This Weekend: The Mustard Seed Film Festival

The celebration of South Asian cinema offers movies rarely seen outside their countries of origin.

Bhuban Majhi screens on Sunday.

Many of the films in this year’s Mustard Seed Film Festival (Friday-Sunday, August 18-20) aren’t just making their Philly debut, they’re getting their first screenings for international audiences. Some of these movies were filmed places many Americans never get to see — India, Pakistan, Bhutan, Nepal — while others offer views informed by the diaspora.

The films will be screened at venues all over town including Lightbox Film Center, Twelve Gates Arts and, on Friday, in a tunnel beneath the Reading Viaduct. Below are a few trailers that caught my eye. Click here for the full Mustard Seed lineup.

 

Friday, August 18

Is It Too Much To Ask? @ Asian Arts Initiative/Reading Viaduct Tunnel
In Leena Manimekalai’s short documentary, two transgender women face discrimination and heartbreak while struggling to rent an apartment in Chennai.

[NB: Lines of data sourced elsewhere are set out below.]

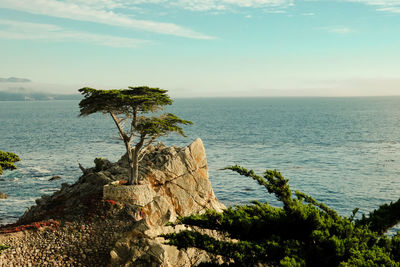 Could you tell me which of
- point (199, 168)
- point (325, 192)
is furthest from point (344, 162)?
point (199, 168)

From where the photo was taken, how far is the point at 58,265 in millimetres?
19094

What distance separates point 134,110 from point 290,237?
17.4m

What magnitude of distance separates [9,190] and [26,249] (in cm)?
2531

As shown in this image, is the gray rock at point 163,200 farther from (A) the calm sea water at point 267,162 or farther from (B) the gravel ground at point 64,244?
(A) the calm sea water at point 267,162

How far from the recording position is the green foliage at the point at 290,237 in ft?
33.3

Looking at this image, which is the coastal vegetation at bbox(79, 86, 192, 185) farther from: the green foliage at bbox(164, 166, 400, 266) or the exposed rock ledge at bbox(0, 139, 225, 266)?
the green foliage at bbox(164, 166, 400, 266)

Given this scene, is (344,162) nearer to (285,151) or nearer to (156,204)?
(285,151)

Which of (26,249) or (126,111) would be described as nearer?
(26,249)

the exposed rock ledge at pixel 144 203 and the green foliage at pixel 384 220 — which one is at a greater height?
the green foliage at pixel 384 220

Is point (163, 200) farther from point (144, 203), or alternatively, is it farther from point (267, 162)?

https://www.youtube.com/watch?v=zoYYhIHAT8w

Abu/Father @ Asian Arts Initiative/Reading Viaduct Tunnel
Arshad Khan explores the politics and traditions that put his homosexuality at odds with his family in Pakistan.

 

Saturday, August 19

Desh Khojdai Janda/In Search of a Nation @ Twelve Gates Arts
Prakash Angdembe’s narrative feature about refugees from Bhutan was shot in a refugee camp in Nepal.

Fuck Me Or Destroy Me @ Twelve Gates Arts
I couldn’t find a trailer for Aisha Mirza’s experimental short about Harnaam Kaur aka The Bearded Dame dealing with western body hair norms and the white gaze, but it sounds interesting. Following the film, Mirza leads an open conversation called “On Being Mad Brown & Hairy.”

Arifa @ Lightbox Film Center
Saturday night at Lightbox (aka UPenn’s International House) is dedicated to women storytellers. Sadia Saeed’s comedy/drama follows a woman dealing with love, life and family in London.

 

Sunday, August 20

Bhuban Majhi @ Williams Street Commons
A journalist investigates a spiritual man and his role in the Bangladesh Liberation War in Fakhrul Khan’s gorgeous narrative feature.

https://www.youtube.com/watch?v=Q2YKzjLUnXY

Killa/The Fort @ Asian Arts Initiative
The festival ends with Avinash Arun’s coming of age story about a young boy moving to a new town in India with his widowed mother. Hollywood Reporter called it “outstanding” and I believe them.